*Activity:* Retype the material that follows exactly, limited to the lines from the one with "Où jeter son" through the one with "曼富圖】496 輕便球型雲台 MH496-BH(公司貨)", and keep out all pictures.

*Material for this task:*
══════

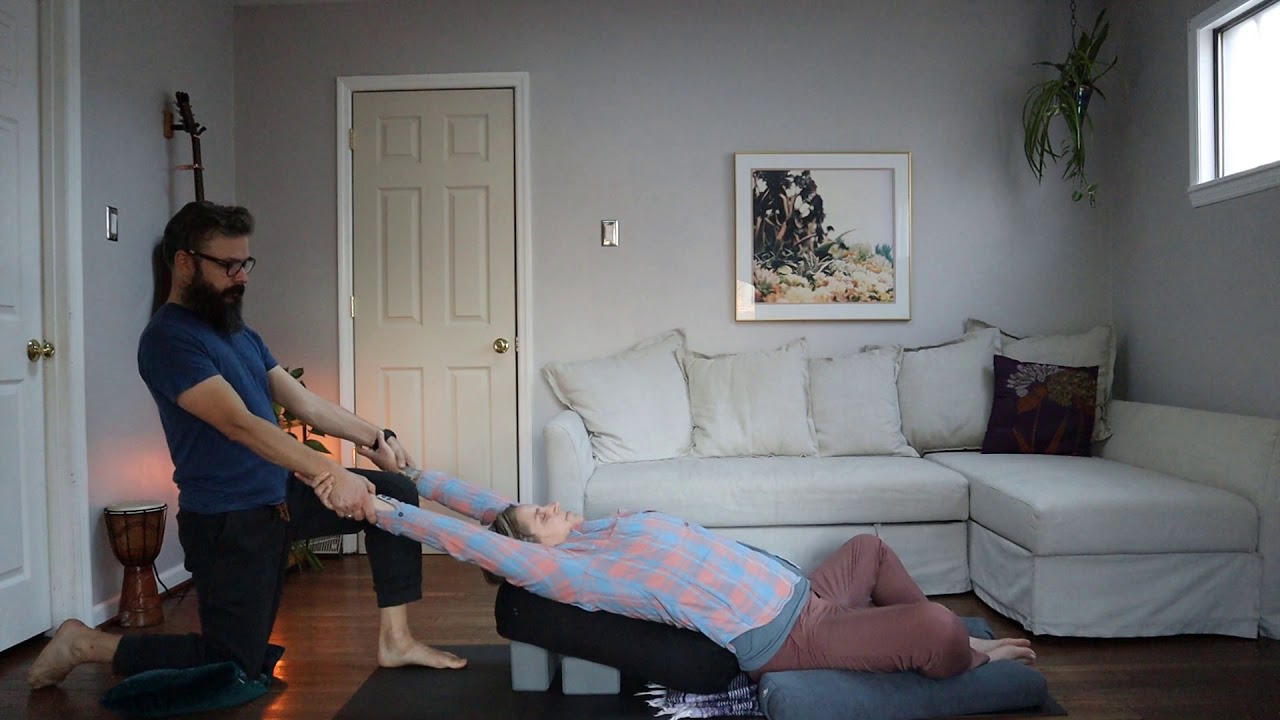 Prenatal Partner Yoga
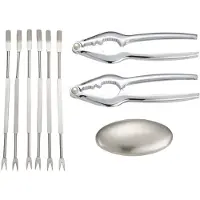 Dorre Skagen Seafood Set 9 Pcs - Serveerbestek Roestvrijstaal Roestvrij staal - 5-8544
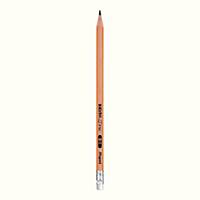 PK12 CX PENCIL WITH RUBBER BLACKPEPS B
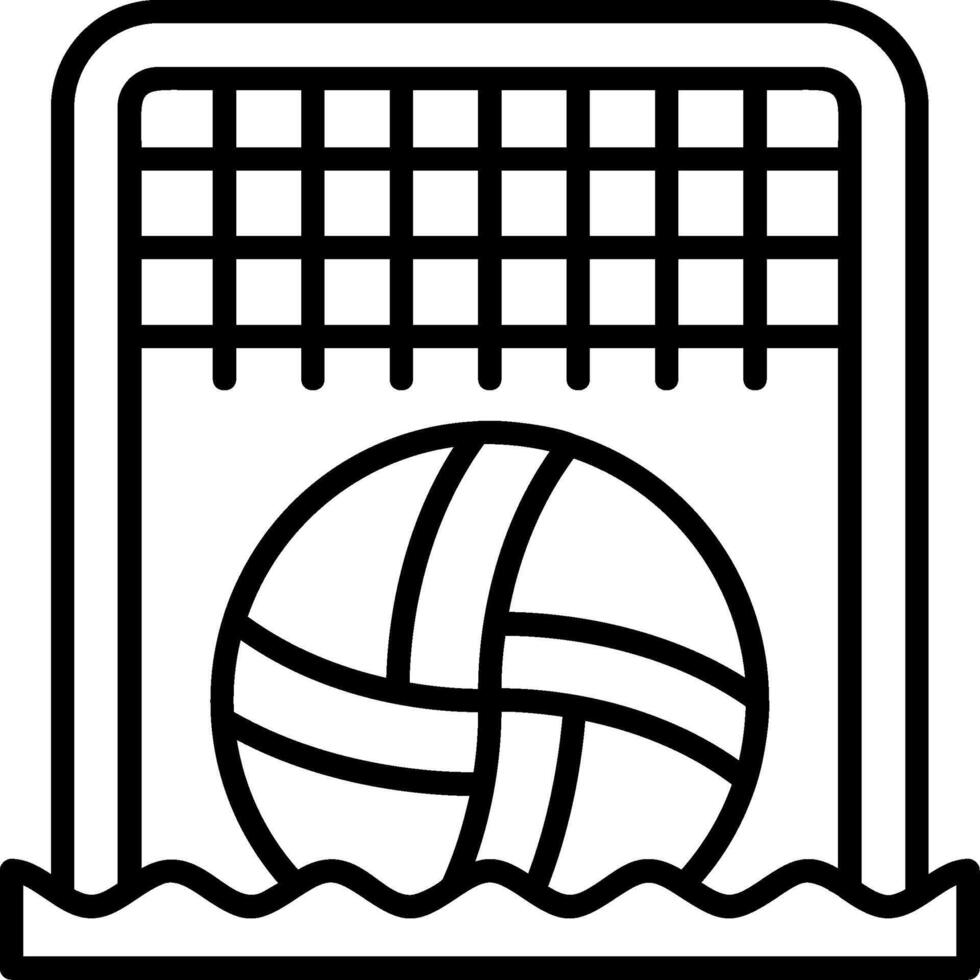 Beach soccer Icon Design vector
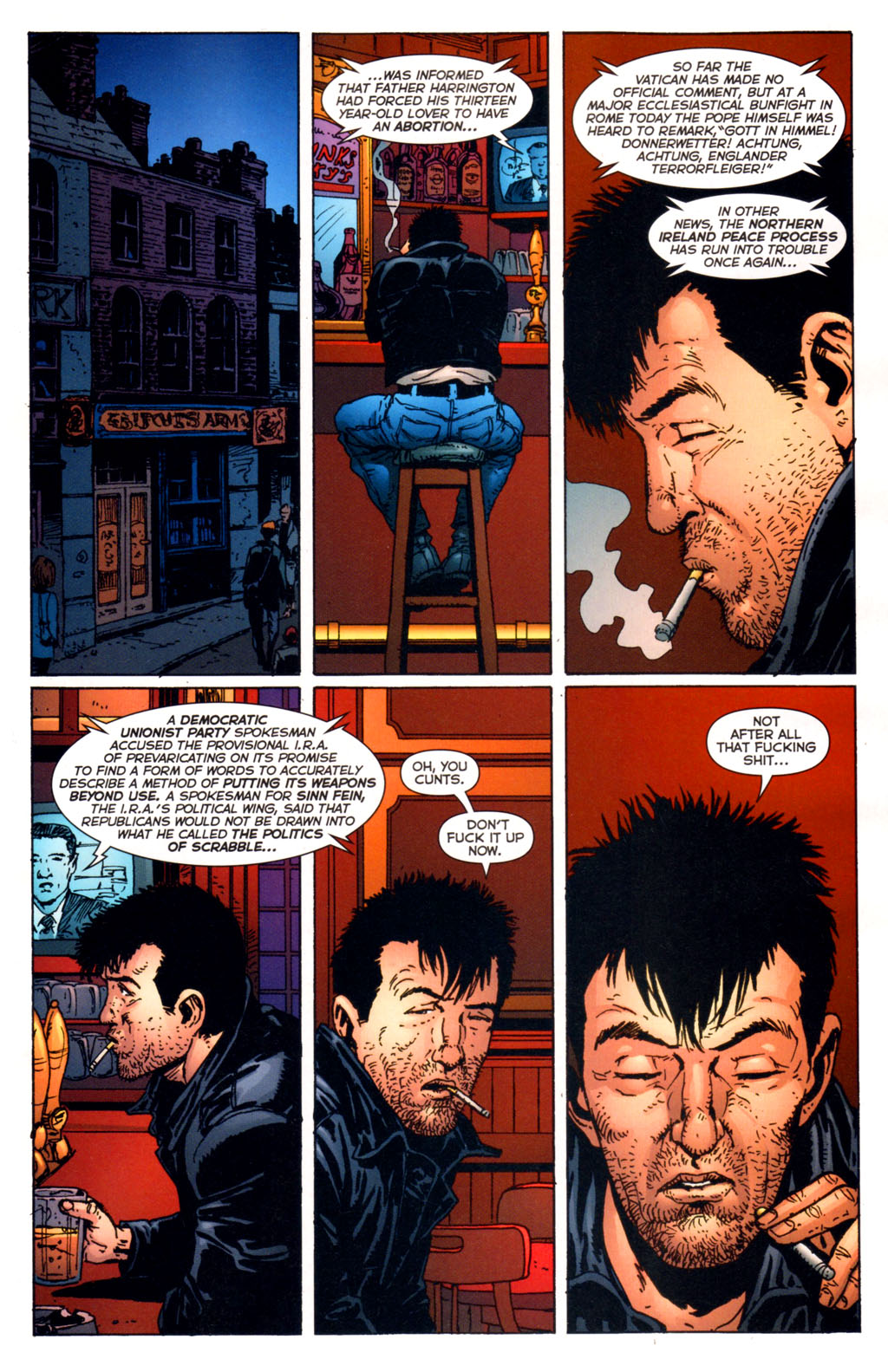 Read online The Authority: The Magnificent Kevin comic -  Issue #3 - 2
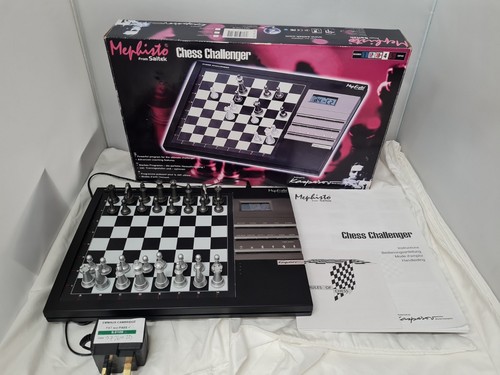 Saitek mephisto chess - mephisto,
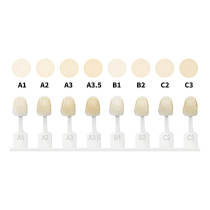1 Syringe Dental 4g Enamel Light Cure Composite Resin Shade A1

══════

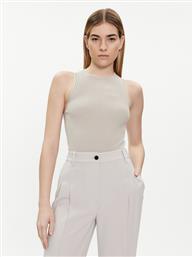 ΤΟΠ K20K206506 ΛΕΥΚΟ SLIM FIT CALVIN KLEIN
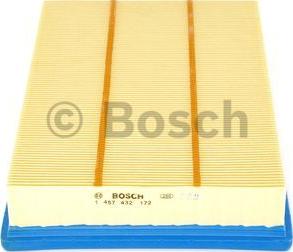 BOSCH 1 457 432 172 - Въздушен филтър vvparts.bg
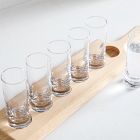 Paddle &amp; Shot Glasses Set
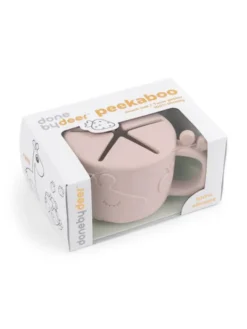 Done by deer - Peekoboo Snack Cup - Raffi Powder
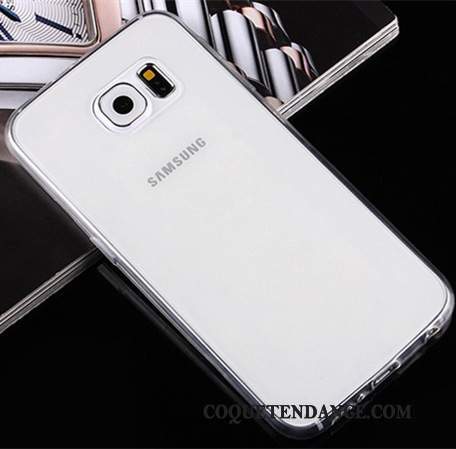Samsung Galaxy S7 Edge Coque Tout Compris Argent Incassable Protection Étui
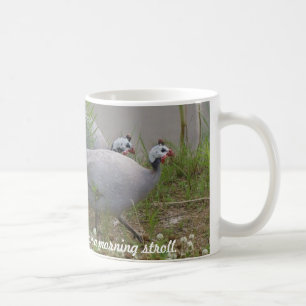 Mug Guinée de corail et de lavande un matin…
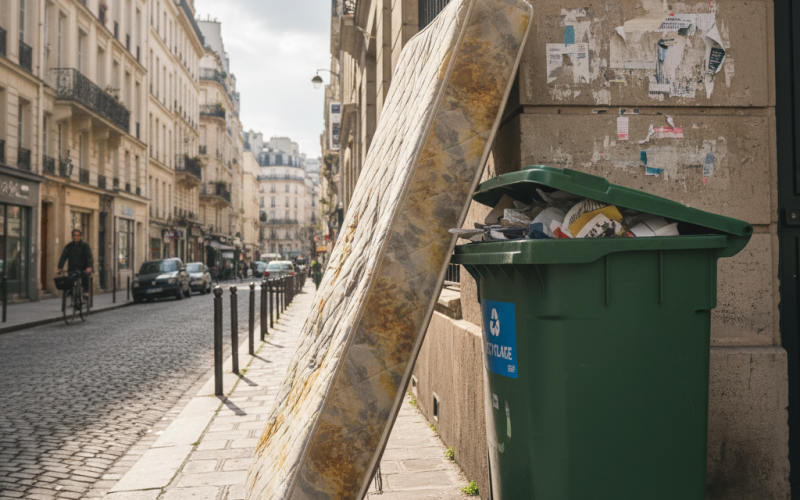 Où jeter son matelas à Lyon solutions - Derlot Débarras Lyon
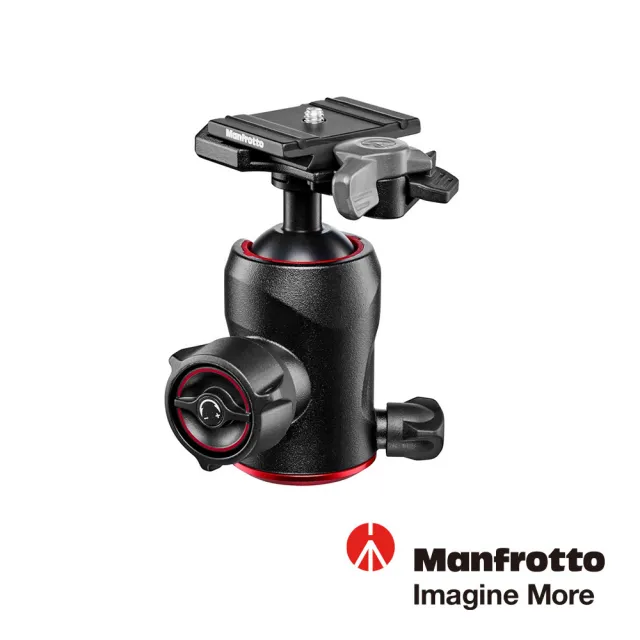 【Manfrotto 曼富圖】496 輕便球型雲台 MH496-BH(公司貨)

══════

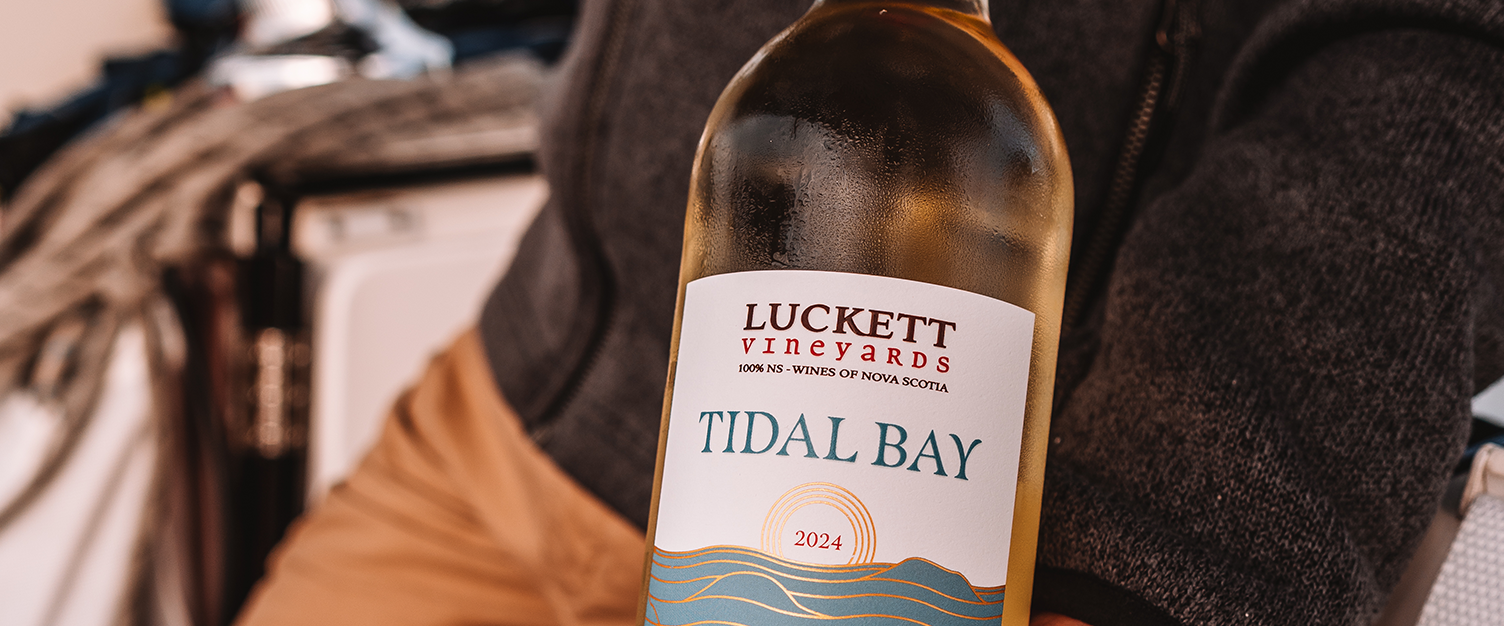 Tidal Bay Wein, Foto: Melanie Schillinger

══════

*The answer:*
 Où jeter son matelas à Lyon solutions - Derlot Débarras Lyon
 【Manfrotto 曼富圖】496 輕便球型雲台 MH496-BH(公司貨)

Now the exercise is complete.